I've always enjoyed discovering new ways of thinking in general, and new ways to look at various subjects specifically. So I like to read about the latest research that comes out of any of the many subject areas in which I have an interest, to see how the research was done. This is particularly true when there are creative research techniques used and the results show us something about our minds and how they work.

A good example of a creative study can be found in a study I recently read about in Shankar Vedantam’s book, The Hidden Brain. It had to do with publicly-traded companies that were newly listed on stock exchanges. Economists, and especially those who work in the field of behavioral economics, sometimes study how people make decisions about which stocks to invest in. This can be done by questionnaires which ask investors why they bought this or that. It can also be done by grouping investors according to the information they have, to see how having this or that data might affect decision-making.

With established companies there is always a lot of information available. If you want to know about Microsoft, for example, you can spend endless hours online, and for free, reading through financial statements and articles by analysts, or looking at charts of prices going back many years. But what about the new issues of stock, and especially for those companies that are not well-known? How does the average investor think about which of these to invest in and why?

To study this, psychologists Adam Alter and Daniel Oppenheimer looked not at earning reports or headlines or any of the usual things that might be considered in choosing to buy a stock. They looked at how easily the names of the companies could be pronounced. In his book Vedantam writes;

Alter and Oppenheimer tracked ten stocks with easy-to-pronounce names and ten stocks with hard-to-pronounce names on the New York Stock Exchange. They found that companies with easy-to-pronounce names outperformed companies with hard-to-pronounce names by 11.2% on their very first day of trading. After six months the difference was more than 33 percent.
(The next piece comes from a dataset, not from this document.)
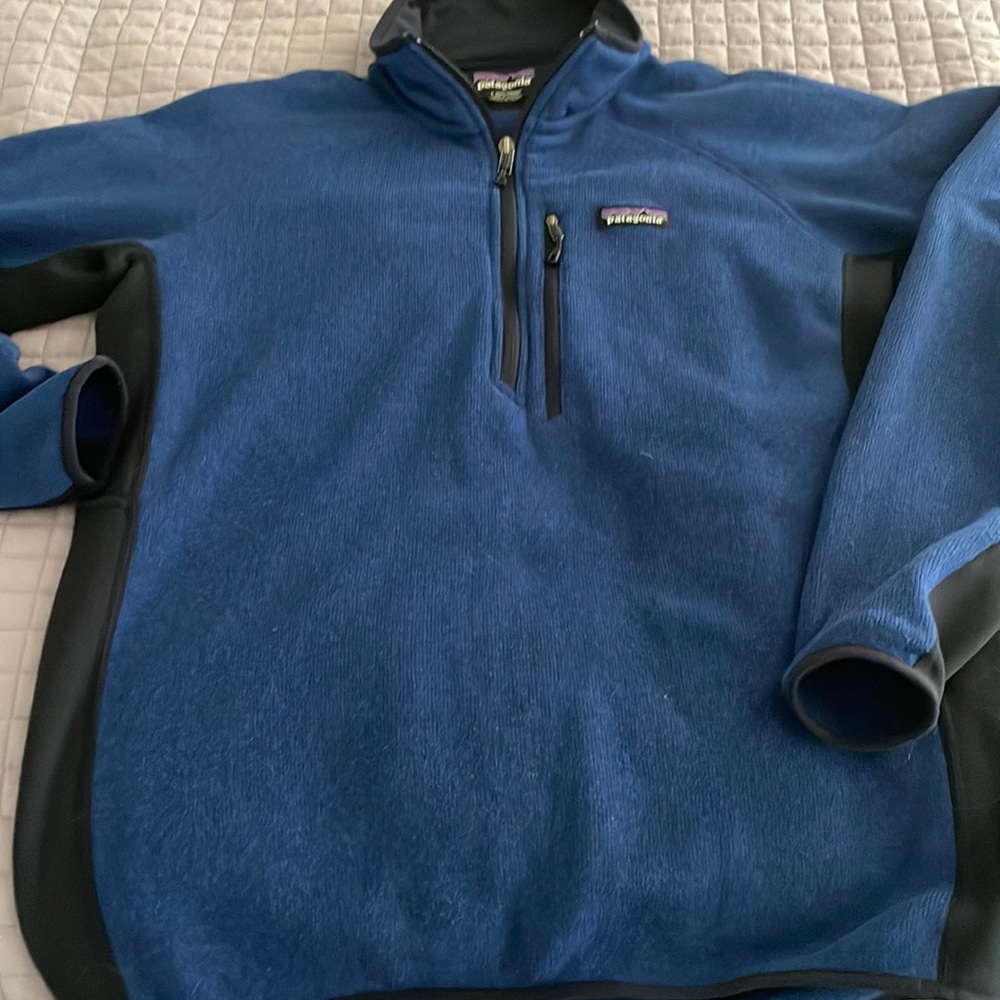 Patagonia 1/2 zip sweater performance blue size large slim fit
If you’d put a million dollars into the stocks with easy names and a million dollars into the stocks with hard names, the group with easy names would have outperformed the group with difficult names by $330,000.

It was also found that easy-to-pronounce stock ticker symbols led to higher price appreciation.

While perhaps suggesting a new investing strategy, this research also reminds us that we are not nearly as rational as we like to imagine. Of course, very few investors would ever admit that they bought a stock because of the simplicity of the name, nor would they even think that way consciously. It is an unconscious bias which is at work here.

This was fascinating in part because I have an interest in stock markets. Of course I’m also very interested in how unconscious bias can affect our thinking. But there is another element, which is the fact that these researchers were finding new ways of thinking about a subject. It makes me wonder what other experiments are waiting to be done, and what they might reveal if we can just dream up the new hypotheses necessary -- if we can just think about things in new ways. It is particularly exciting for those of us who do not have the position nor money to do expensive experiments in a lab. After all, this research could have been done for free using stock price quotes available online or in a newspaper.

So with that in mind, here are two questions we might answer using cheap or free research tools...

Are optimists or pessimists more objective?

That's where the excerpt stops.